How to recognize an anti-science zealot

1) They deny the human cause of climate change.

2) They deny evolution.

3) “Monsanto!!”

Fascinating and disturbing piece from science journalist, Keith Kloor, on what it’s like to take on the anti-GMO forces for having the temerity to report upon what science actually has to say about GMO food (i.e., it presents no more threat to human health than similar non-GMO food).  As I’ve discussed before, there are legitimate concerns to have regarding GMO food production– potential cross-contamination risks, environmental impacts, etc.,– but there’s just no evidence that there is any threat to health.

That said, the clearest way to tell you are dealing with an anti-science zealot on the matter is “Monsanto!”  Sadly, many are convinced that Monsanto might as well be the Empire from Star Wars and out to destroy the world and that’s all they need to know about GMO food.  Actually, I can think of a really clear parallel, “Benghazi!” Just as hearing “Benghazi!” tells you that you are not dealing with a serious intellectual argument about Hillary Clinton, “Monsanto!” tells you that you are not dealing with a serious intellectual argument about GMO.  Not to argue that Monsanto is a perfect company, really, their practices are largely beside the point here.  Rather, when all anybody has to say about GMO is a demonization of Monsanto, chances are they are not dealing in the area of thoughtful, nuanced discussion.

Lots and lots of good stuff in Kloor’s piece:

That would be the made-for media villain: Monsanto, or as its detractors like to refer to the biotechnology company, Monsatan.
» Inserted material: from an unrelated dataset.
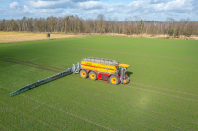 Bemesten in het voorjaar bij van den Borne aardappelen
That meme, in which Monsanto became tagged on the Internet as “the most evil” company in the world, because it was hell-bent on taking over the world’s food supply and jamming “frankenfoods” down our throats, was already firmly established when Shiva decided to build on it with the Indian farmer suicide story.

I’ve got a shelf of books that vilify Monsanto for its corruption of agriculture. I’ve seen documentaries on this. Everybody hates Monsanto, right?

Never mind that this image is cartoonish. What matters is that it sounds truthy

It’s all about the narrative and how forcefully you build it: “Corrupt Hillary” is a “criminal”; a pediatric researcher who pushes back on anti-vaccine scare-mongering is the equivalent of a Nazi concentration camp guard; the scientists at Monsanto have created murderous “seeds of suicide.” …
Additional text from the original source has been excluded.